Unrest in Libya continues to wreak havoc on world oil markets, with prices soaring and European nations weighing how to offset disruptions in gas and crude imports from the North African country.
As much as a quarter of Libya's oil production is now offline, along with all gas exports, according to reports. Most analysts expect interruptions to increase, especially with Muammar Qaddafi’s threat to blow up energy pipelines.
While analysts agree that global oil and gas supplies are hardly at risk, as Libya accounts for only 2 percent of world oil output, countries like Italy, France, and Spain relied on Libya in 2010 for as much as 22 percent, 16 percent, and 13 percent of total crude consumption, respectively – a supply not easily replaced on short notice.
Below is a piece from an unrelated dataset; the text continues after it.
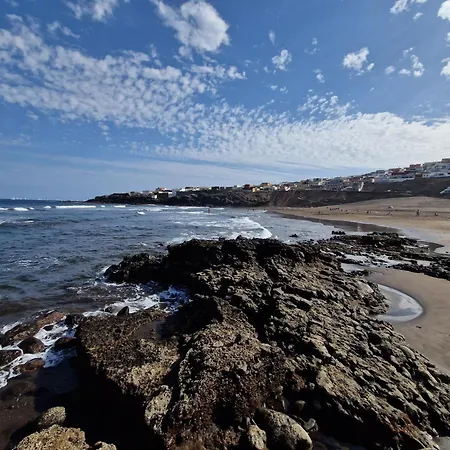 Ocean Surf Apartman *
Europe receives over 85 percent of Libya's crude exports.
And that's causing energy planners to reassess the wisdom of counting on North Africa, where southern European governments have invested significantly to decrease dependence on supplies from Russia and Iran, even if Libya’s civil unrest ends with a peaceful resignation of Qadaffi.
“Europe has to choose between becoming more dependent on Russia or the Middle East, or both,” says Herman Franssen, senior associate at the Center for Strategic and International Studies and former chief economist of the International Energy Agency.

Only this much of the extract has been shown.